Speech perception is a difficult matter, not as fully understood as speech production. It is a seamless and innate ability, typically acquired in early infancy. Yet, it remains considerably less subject to conscious scrutiny compared to speech production.
Speech perception (SP) can be delineated in two distinct ways.
Broadly, SP is the understanding of the full range of information transmitted by the spoken message. It includes 1) the decoding of the linguistic information with preexisting syntactic, semantic, and pragmatic analyses (equivalent to the written text); 2) the speaker's feelings about what he is saying (doubt, conviction), 3) his relationship with the listener (friendship, irritation), 4) his identity, personality traits, gender, age, physical and mental state, thanks to cues that are not controlled by the speaker; 5) Understanding the message can lead to creating empathy or sadness in the listener. Narrowly, SP is understood as the phonetic analysis of the incoming signal. The continuous and varying acoustic signal is transformed into a sequence of discrete speech units, features, phonemes, diphones, or syllables (the hierarchy is not well known). These units interact with our mental lexicon.
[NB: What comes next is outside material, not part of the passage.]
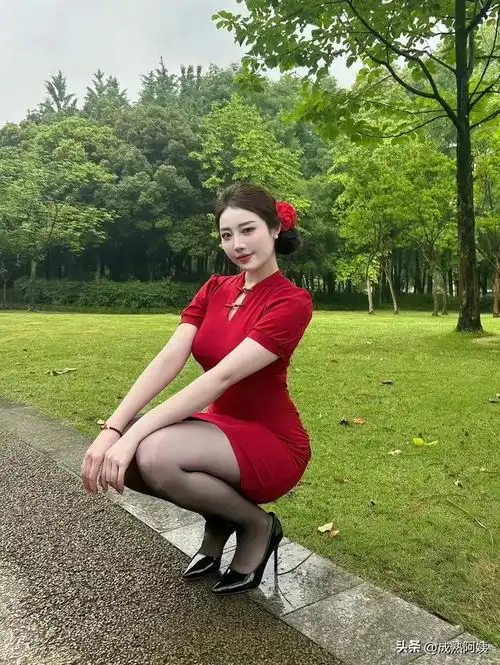 长腿美女气质如兰,身材婀娜多姿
Both speech and nonspeech sounds are perceived by the same ear and transmitted to the brain via the same auditory nerve. Consequently, they share common neural mechanisms. The ear conducts a form of non-linear frequency analysis on incoming signals within the cochlea, akin to a filter bank that can be depicted in a spectrogram. The fine-tuned analysis of low-frequency components (the frequency of the first spectral peaks and harmonics) is crucial for the detection of nasality, breathiness, speaker characteristics, and voice quality. Both speech and nonspeech sounds undergo temporal masking, as well as frequency masking, along with discontinuity reinforcement, before they are transmitted to the auditory cortex. Critical bands represent frequency bandwidths within which the ear cannot distinguish individual frequencies: when two formants are in close proximity, they are perceived as a single formant, like in the case of quantal vowels). Additionally, integration times come into play, involving the integration of intensity at the syllable level.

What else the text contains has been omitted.